The event will take place in Klasserommet@Simula at 11:00, January 18.


From ten years of working on analysing the characteristics of large open source software repositories, we draw some lessons on the key properties we need for this kind of software engineering large scale studies. This led us to launching Software Heritage, the most ambitious project to date to build a universal source code software knowledge base. The size of this archive is daunting, with billions of unique source code files, coming from tens of millions of repositories. We detail the mission of Software Heritage and highlight some of the new challenges and opportunities, both organisational and scientific, that Software Heritage brings up.

Short biography

After obtaining a PhD in Computer Science at the University of Pisa, Roberto Di Cosmo was associate professor for almost a decade at Ecole Normale Supérieure in Paris, and became a Computer Science full professor at University Paris Diderot in 1999. He is currently on leave at Inria.
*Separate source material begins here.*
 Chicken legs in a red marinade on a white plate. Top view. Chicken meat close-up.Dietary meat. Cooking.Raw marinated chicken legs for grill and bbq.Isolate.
He has been actively involved in research in theoretical computing, specifically in functional programming, parallel and distributed programming, the semantics of programming languages, type systems, rewriting and linear logic. His main focus is now on the new scientific problems posed by the general adoption of Free Software, with a particular focus on static analysis of large software collections, that were at the core of the european research project Mancoosi.
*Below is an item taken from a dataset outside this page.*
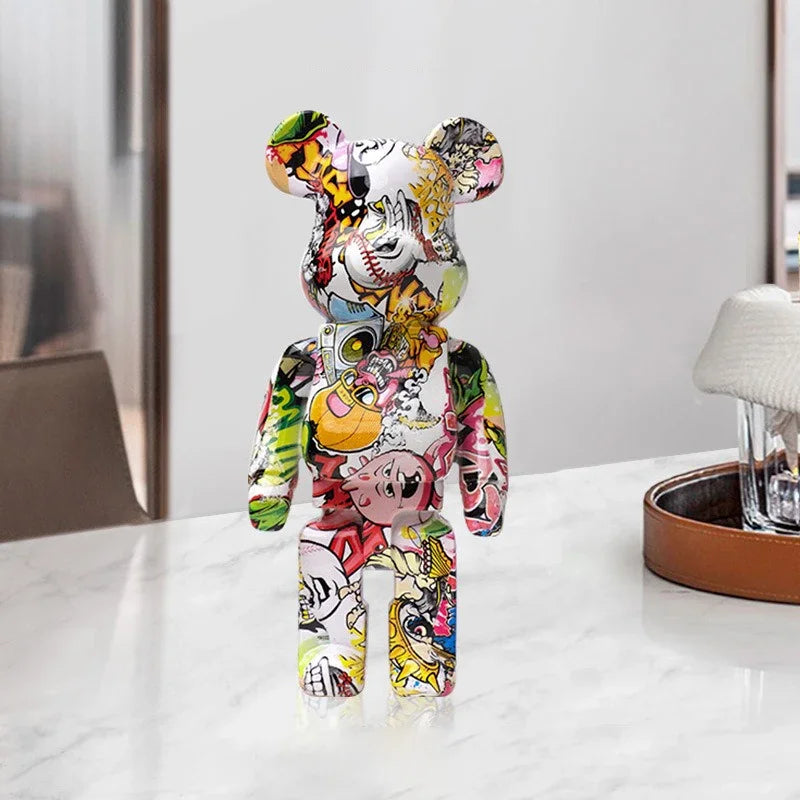 Colorful graffiti bear figurine on a white surface with a neutral background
Following the evolution of our society under the impact of IT with great interest, he is a long term Free Software advocate, contributing to its adoption since 1998 with the best-seller Hijacking the world, seminars, articles and software. He created the Free Software thematic group of Systematic in October 2007, and since 2010 he is director of IRILL, a research structure dedicated to Free and Open Source Software quality.

In 2016, he co-founded and directs Software Heritage, an initiative to build the universal archive of all the source code publicly available.